Di Jepang, ia mencontohkan, kendati mereka memiliki sisi sejarah yang kelam dengan Amerika Serikat (AS) dengan peristiwa pengeboman Hiroshima dan Nagasaki, namun pendidikan barat tidak lantas ditinggalkan untuk menguasai ilmu pengetahuan dan teknologi yang dimiliki negara Paman Sam itu.
"Mereka (bangsa Jepang) membalas Amerika dengan belajar dulu ke Amerika," ujar dia.
Demikian juga dengan umat Islam di Indonesia, ia berharap jangan hanya menjadi penonton ketika eksplorasi aneka tambang di Indonesia sebagian besar didominasi oleh negara-nagara barat. Caranya, kata dia, tiada lain dengan mempelajari dan menguasai teknologi.

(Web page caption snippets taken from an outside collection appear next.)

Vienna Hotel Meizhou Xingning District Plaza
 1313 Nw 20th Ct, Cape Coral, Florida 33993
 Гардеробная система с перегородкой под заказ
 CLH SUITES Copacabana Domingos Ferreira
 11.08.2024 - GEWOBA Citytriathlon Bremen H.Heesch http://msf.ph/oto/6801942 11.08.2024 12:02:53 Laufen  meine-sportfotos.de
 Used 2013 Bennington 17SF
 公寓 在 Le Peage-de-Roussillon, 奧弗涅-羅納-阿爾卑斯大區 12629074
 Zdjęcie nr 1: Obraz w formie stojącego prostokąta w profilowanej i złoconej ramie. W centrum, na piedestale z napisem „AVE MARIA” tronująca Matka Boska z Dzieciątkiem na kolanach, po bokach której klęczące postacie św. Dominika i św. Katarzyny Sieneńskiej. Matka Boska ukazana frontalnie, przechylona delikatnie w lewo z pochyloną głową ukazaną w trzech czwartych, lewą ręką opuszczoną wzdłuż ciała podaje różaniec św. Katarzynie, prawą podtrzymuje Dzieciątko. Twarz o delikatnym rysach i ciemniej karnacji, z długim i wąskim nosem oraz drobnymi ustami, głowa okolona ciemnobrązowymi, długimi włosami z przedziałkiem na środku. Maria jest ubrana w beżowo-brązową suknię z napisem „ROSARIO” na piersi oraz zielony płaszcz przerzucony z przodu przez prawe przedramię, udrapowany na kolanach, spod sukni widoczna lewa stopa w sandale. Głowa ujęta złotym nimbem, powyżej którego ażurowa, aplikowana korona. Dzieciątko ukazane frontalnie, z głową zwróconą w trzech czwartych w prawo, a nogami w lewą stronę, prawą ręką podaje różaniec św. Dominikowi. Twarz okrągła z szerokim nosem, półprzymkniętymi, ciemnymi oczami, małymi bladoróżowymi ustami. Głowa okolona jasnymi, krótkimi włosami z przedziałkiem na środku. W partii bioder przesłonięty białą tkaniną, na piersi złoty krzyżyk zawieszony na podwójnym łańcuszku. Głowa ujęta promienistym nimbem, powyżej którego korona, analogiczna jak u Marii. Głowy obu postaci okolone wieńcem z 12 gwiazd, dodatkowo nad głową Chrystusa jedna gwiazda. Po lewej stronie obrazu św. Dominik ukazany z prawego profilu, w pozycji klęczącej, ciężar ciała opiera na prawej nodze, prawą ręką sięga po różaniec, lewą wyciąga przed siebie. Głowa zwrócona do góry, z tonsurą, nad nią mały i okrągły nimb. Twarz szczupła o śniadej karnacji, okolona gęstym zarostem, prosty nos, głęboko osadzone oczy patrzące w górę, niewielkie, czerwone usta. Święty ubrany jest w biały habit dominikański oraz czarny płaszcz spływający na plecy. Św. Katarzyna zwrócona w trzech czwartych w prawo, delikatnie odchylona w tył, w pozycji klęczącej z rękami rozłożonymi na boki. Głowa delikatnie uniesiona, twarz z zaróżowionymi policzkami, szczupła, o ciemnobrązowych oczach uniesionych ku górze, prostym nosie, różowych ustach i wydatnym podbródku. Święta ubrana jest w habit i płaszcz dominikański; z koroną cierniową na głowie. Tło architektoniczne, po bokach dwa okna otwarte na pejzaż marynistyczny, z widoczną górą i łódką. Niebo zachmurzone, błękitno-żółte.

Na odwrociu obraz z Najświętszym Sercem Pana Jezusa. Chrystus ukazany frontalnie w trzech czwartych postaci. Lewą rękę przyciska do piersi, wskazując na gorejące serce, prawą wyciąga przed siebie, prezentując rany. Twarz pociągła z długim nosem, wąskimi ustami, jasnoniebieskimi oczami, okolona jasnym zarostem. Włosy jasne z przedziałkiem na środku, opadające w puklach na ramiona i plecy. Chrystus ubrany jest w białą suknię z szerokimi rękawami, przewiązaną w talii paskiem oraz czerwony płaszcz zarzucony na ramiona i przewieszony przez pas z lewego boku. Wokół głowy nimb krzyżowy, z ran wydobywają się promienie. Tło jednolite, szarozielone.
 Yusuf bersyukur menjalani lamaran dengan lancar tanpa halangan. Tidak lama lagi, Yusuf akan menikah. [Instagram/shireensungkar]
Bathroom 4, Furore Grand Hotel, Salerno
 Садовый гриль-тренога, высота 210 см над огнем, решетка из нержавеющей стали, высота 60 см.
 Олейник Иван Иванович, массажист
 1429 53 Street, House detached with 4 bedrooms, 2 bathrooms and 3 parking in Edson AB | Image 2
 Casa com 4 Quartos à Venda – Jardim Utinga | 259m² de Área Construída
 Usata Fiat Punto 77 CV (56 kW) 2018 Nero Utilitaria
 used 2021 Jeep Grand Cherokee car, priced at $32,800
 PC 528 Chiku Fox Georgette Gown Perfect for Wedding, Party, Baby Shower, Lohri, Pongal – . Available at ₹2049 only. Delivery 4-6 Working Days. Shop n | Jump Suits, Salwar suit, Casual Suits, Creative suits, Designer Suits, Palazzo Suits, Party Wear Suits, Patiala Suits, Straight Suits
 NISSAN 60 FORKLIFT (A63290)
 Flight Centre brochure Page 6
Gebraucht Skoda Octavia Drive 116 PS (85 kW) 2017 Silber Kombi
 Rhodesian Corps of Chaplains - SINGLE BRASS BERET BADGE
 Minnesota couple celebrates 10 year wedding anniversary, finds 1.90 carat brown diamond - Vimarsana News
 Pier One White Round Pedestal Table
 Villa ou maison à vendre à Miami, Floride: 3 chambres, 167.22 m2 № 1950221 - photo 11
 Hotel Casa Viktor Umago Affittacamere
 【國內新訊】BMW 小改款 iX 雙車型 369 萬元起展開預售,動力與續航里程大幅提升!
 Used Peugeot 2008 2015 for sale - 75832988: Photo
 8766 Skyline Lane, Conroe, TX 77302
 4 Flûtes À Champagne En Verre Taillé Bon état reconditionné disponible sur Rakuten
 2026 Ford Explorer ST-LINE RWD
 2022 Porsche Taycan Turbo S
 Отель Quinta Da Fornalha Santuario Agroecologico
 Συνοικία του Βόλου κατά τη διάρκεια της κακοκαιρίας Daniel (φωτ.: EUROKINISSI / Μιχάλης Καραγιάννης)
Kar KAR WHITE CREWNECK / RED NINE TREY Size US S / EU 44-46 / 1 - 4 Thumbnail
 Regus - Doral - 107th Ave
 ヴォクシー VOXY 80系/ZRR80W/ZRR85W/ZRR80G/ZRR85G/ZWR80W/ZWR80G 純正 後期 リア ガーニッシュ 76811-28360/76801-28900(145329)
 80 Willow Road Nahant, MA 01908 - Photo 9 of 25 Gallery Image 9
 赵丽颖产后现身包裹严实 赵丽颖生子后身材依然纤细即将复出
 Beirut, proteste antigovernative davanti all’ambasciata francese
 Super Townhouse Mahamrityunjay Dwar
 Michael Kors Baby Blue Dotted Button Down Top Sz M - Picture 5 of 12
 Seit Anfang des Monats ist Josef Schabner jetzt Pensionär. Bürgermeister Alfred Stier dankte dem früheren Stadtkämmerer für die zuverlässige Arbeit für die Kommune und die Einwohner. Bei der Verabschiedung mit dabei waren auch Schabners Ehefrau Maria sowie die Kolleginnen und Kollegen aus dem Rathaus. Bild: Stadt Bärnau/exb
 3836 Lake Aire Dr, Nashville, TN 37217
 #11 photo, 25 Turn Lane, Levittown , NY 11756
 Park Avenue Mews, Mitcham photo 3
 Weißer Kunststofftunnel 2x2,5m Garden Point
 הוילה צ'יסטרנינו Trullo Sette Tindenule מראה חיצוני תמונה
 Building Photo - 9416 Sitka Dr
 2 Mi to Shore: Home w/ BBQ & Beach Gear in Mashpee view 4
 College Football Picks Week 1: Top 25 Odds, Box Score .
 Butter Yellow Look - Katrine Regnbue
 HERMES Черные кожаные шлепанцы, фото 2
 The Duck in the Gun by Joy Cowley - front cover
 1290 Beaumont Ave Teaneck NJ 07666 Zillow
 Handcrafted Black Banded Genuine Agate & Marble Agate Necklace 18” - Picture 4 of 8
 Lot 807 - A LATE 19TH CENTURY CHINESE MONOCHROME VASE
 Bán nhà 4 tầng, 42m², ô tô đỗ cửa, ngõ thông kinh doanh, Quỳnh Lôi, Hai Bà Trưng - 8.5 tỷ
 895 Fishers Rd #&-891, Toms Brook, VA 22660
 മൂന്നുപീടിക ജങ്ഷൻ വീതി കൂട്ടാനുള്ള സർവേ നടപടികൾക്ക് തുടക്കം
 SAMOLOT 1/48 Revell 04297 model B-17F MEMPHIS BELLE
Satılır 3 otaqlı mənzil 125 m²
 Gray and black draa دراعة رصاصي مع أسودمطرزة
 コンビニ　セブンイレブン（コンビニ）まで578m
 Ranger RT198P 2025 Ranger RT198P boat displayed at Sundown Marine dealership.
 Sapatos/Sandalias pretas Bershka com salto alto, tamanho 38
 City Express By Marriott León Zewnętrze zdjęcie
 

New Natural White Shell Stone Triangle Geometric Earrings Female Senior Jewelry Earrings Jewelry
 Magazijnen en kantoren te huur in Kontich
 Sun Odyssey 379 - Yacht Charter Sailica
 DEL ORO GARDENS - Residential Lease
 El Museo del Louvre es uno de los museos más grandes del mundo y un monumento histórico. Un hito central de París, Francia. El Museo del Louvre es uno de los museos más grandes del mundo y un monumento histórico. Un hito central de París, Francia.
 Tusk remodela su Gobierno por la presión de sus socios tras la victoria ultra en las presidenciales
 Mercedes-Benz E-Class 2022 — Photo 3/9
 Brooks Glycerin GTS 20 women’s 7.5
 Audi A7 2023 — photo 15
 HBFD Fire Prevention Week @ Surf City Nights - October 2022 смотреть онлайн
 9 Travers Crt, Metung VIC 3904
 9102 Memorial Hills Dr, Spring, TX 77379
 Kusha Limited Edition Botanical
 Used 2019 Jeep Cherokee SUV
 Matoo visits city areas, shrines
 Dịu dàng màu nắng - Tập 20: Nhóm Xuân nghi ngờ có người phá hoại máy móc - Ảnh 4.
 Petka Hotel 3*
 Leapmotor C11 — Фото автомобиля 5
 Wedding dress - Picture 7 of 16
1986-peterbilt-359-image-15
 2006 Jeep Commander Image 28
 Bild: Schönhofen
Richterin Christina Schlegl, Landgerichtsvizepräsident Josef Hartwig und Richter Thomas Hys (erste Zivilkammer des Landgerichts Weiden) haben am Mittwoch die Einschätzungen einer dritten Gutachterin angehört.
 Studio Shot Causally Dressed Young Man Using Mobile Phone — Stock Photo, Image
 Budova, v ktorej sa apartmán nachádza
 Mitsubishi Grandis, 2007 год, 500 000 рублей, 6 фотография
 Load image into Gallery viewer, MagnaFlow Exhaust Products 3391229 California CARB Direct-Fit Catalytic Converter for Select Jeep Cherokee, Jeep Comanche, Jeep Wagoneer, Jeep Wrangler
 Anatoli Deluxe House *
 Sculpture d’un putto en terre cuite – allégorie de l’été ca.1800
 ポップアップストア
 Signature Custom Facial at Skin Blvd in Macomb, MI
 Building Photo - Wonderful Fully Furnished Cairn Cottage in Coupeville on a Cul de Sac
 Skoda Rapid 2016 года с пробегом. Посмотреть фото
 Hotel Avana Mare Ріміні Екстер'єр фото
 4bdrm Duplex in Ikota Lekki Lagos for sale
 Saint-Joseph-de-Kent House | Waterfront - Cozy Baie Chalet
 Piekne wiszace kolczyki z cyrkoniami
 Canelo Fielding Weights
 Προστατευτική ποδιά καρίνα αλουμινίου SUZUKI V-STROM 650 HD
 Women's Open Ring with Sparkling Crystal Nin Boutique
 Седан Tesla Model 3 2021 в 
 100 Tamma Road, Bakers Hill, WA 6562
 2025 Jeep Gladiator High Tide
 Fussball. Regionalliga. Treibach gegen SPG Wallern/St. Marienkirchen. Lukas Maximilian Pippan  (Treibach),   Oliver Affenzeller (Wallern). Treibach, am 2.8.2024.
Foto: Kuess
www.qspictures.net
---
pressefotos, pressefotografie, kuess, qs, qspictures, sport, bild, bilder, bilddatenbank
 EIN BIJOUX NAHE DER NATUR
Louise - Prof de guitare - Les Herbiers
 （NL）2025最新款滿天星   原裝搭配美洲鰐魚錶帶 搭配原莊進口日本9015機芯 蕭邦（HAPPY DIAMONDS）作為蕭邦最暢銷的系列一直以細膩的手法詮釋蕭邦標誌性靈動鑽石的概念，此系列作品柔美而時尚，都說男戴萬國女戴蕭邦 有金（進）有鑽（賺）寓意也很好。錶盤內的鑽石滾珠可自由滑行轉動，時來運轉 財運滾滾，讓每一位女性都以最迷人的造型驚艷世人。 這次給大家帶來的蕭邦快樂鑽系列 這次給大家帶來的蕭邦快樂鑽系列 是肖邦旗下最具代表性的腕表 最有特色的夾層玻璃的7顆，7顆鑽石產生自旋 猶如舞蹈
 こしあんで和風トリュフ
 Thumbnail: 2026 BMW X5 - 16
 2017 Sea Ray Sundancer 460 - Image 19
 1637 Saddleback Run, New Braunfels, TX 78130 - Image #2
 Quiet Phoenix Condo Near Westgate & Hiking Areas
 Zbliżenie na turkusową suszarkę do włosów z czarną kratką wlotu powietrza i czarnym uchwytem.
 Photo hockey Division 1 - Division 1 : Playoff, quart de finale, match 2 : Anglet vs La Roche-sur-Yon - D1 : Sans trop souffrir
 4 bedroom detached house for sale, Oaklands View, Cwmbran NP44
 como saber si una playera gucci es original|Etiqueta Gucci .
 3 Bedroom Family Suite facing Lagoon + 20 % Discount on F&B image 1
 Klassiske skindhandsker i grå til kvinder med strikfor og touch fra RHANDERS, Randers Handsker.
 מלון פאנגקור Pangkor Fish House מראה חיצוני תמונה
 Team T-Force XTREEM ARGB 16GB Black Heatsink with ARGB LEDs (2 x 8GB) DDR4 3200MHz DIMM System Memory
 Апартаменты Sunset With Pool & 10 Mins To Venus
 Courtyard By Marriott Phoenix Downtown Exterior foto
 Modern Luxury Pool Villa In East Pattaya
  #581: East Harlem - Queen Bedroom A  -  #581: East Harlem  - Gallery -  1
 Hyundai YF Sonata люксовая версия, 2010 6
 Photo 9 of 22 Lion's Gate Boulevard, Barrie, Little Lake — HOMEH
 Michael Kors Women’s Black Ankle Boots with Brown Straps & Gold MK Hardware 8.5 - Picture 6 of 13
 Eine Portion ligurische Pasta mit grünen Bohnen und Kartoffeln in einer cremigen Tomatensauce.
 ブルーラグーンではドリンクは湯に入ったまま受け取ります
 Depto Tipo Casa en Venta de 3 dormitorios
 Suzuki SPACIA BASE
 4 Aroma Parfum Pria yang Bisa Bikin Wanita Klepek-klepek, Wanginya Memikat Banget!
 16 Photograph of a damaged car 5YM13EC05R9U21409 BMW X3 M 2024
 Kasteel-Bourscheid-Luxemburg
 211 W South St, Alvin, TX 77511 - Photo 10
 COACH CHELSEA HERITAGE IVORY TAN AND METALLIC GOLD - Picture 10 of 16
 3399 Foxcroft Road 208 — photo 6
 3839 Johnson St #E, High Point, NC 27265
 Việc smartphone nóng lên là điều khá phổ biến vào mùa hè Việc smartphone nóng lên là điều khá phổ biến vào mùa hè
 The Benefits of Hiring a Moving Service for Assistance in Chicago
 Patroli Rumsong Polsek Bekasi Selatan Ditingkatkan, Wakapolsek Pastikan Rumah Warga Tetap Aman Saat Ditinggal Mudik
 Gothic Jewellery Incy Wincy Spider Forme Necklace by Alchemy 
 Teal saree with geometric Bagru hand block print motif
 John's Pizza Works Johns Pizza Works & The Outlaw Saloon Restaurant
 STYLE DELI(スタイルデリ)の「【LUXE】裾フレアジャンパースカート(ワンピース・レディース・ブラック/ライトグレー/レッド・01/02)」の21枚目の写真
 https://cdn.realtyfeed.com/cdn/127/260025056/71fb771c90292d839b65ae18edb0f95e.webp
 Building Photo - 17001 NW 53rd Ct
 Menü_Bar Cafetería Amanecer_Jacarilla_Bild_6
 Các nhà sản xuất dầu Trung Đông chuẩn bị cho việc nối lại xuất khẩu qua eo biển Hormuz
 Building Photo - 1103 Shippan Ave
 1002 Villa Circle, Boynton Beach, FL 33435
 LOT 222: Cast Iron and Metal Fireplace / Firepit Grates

Dengan kebutuhan itu, menurut Komarudin, penguasaan ilmu pengetahuan dan teknologi tanpa mendikotomikan pendidikan barat dan Islam menjadi "fardu kifayah" bagi umat Islam untuk mencapai kesuksesan kehidupan dunia dan akhirat.
"Pendidikan di kalangan umat Islam harus bangkit, kalau tidak maka umat Islam hanya akan menang secara kuantitatif saja," tutur Komaruddin.